■ RECORDS TO USE

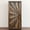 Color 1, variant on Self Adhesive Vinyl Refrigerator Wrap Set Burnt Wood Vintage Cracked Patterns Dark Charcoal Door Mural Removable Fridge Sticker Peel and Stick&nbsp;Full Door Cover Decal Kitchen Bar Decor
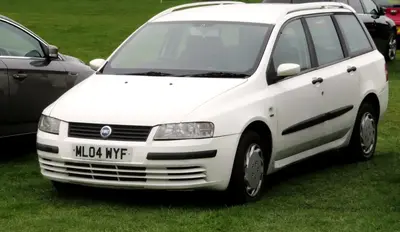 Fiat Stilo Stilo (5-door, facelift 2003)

* * *

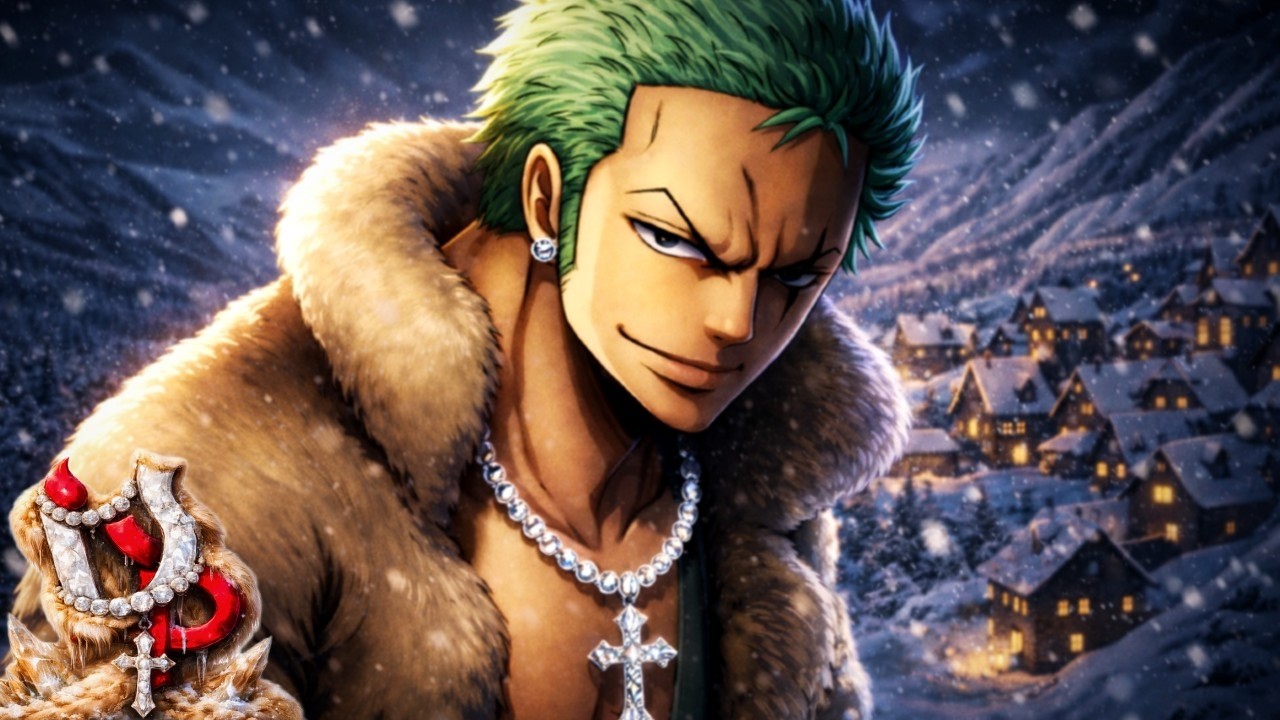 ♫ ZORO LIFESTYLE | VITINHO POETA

==

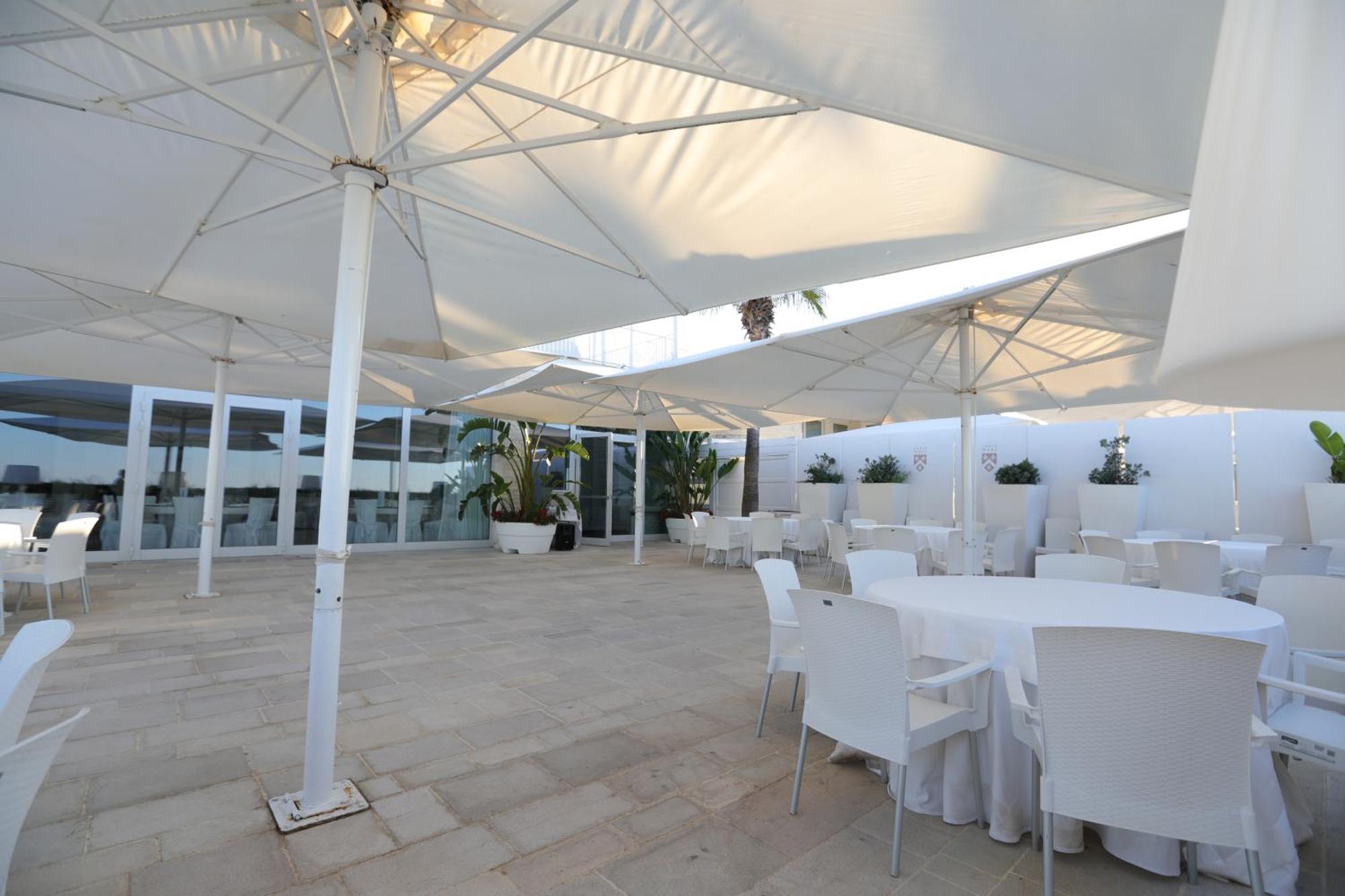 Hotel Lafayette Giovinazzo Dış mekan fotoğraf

■ WHAT TO WORK ON
Using the data above, give again exactly the lines starting at the one holding "Color 1, variant" and ending at the one holding "Fiat Stilo Stilo (5-door, facelift 2003)", inclusive, and nothing more. Omit the pictures.

■ ANSWER FOR THE TASK
 Color 1, variant on Self Adhesive Vinyl Refrigerator Wrap Set Burnt Wood Vintage Cracked Patterns Dark Charcoal Door Mural Removable Fridge Sticker Peel and Stick&nbsp;Full Door Cover Decal Kitchen Bar Decor
 Fiat Stilo Stilo (5-door, facelift 2003)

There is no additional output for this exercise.